An exact copy of all the data is needed, with every picture left out.

__DATA EXCERPT__:
____________________
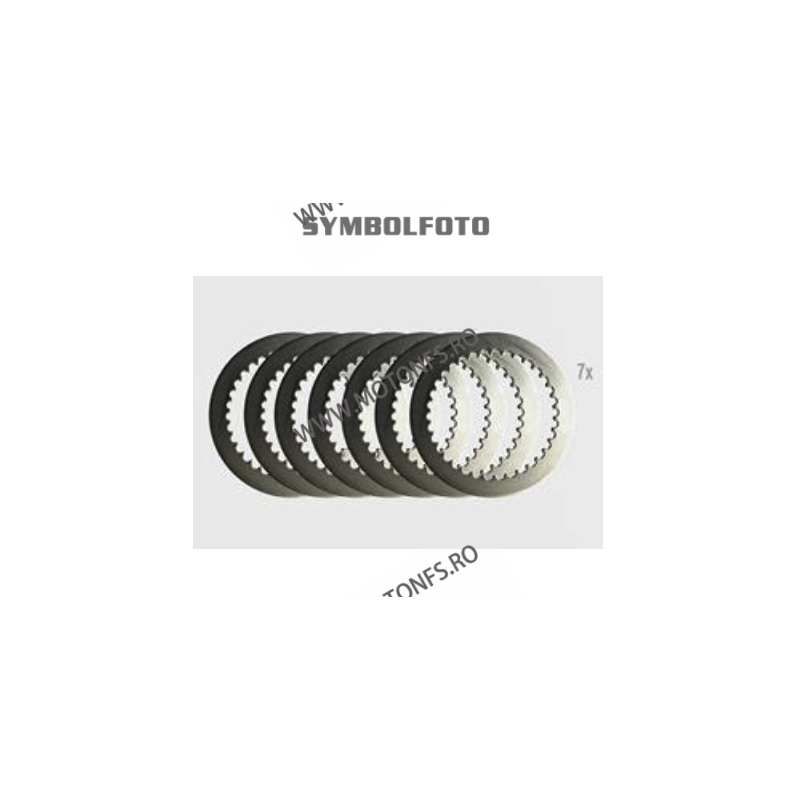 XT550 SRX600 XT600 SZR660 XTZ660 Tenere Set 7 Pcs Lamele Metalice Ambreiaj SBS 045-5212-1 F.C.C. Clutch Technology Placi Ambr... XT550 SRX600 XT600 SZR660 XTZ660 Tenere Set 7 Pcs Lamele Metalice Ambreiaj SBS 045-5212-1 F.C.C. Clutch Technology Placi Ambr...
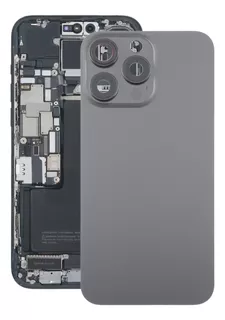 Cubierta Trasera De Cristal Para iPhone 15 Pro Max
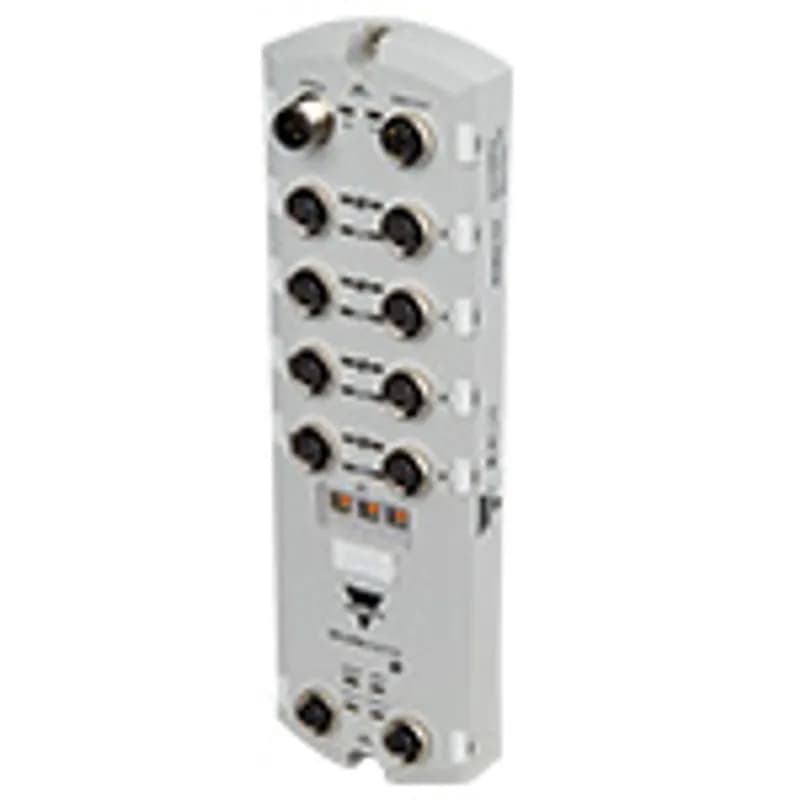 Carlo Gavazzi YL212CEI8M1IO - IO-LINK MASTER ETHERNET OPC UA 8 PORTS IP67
____________________
__RESPONSE TO THIS TASK__:
 XT550 SRX600 XT600 SZR660 XTZ660 Tenere Set 7 Pcs Lamele Metalice Ambreiaj SBS 045-5212-1 F.C.C. Clutch Technology Placi Ambr... XT550 SRX600 XT600 SZR660 XTZ660 Tenere Set 7 Pcs Lamele Metalice Ambreiaj SBS 045-5212-1 F.C.C. Clutch Technology Placi Ambr...
 Cubierta Trasera De Cristal Para iPhone 15 Pro Max
 Carlo Gavazzi YL212CEI8M1IO - IO-LINK MASTER ETHERNET OPC UA 8 PORTS IP67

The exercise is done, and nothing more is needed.